Quería despertar. Quería que la mano de Alexis me sacudiera y me llamara idiota por quedarme dormido. Pero el dolor en mis palmas era real. Demasiado real.
Salí al pasillo. Las luces de emergencia estaban muertas. Sin embargo, el lugar no estaba a oscuras. Una pequeña luz bailaba en el suelo, a unos metros de distancia. Me acerqué, con el corazón golpeando mi pecho como un animal enjaulado. Era una vela. Una sola vela de cera verde, cuya llama permanecía perfectamente vertical, inmóvil, como si el concepto mismo de viento hubiera sido borrado del universo.
La tomé. La cera estaba tibia, casi caliente, y al tacto se sentía como piel. Un olor me golpeó entonces: incienso viejo, sudor rancio y hierro oxidado. Sangre.
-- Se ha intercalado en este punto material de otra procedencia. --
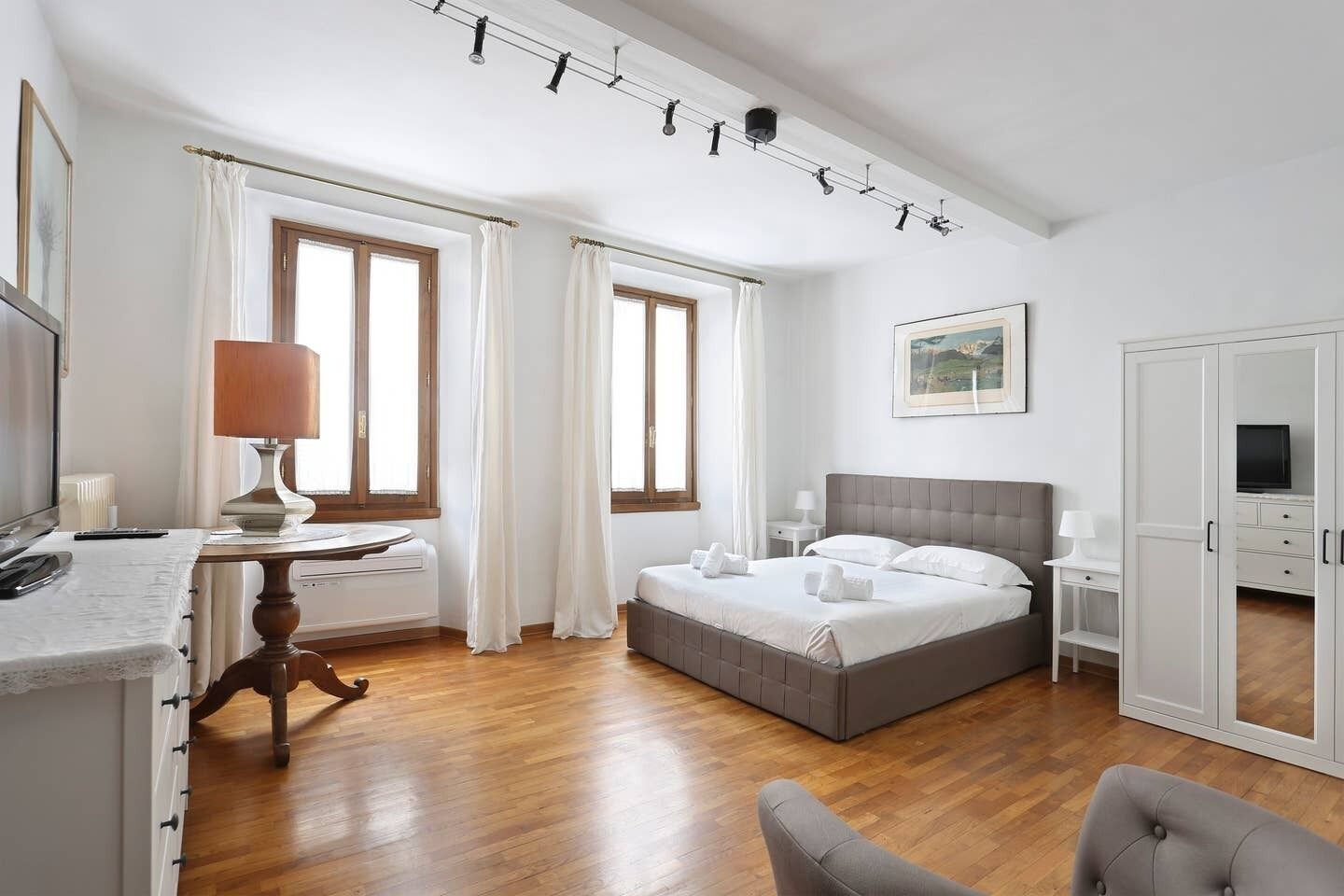 Une chambre à coucher comprenant un lit, un bureau, une chaise, une armoire et un luminaire fixé au plafond.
Fue entonces cuando los escuché. Un siseo de estática que provenía del ala sur, de la antigua capilla que el Director Thorne mantenía bajo llave “por restauración”. Eran voces. Cientos de ellas, superponiéndose en una cacofonía rítmica que te obligaba a caminar al compás de sus sílabas. Mis pies se movían solos, arrastrándome por el pasillo gélido.
Empujé la puerta de roble de la capilla. El crujido de las bisagras fue eterno.
Lo que vi dentro hizo que mis rodillas flaquearan. Decenas de figuras estaban arrodilladas en los bancos, dándome la espalda. Llevaban armaduras de placas abolladas, cotas de malla ennegrecidas y mantos que alguna vez fueron blancos, ahora manchados de un fango oscuro. Lo más aterrador era su cabello: todos, sin excepción, tenían cabelleras de un rojo encendido, del mismo tono exacto que el mío y el de Alexis.
El murmullo se elevó, llenando mis oídos hasta hacerme sangrar.
—Sé do bheatha, a Mhuire… —rezaban al unísono, las voces raspando el aire como lija sobre piedra—. …atá lán de grá, tá an Tiarna leat…
Era la lengua de mi abuelo. El gaélico que él susurraba cuando creía que nadie lo escuchaba, el idioma de los que huyeron del hambre y trajeron algo más que esperanza en los barcos.d
—Irlandés… —mi propio susurro fue devorado por la letanía.
Me acerqué a la figura más cercana. Me incliné sobre su hombro y retrocedí del asco. El caballero no tenía piel; donde debería estar la nuca, solo había una red de tendones negros y polvo. Pero seguía rezando. Seguía existiendo.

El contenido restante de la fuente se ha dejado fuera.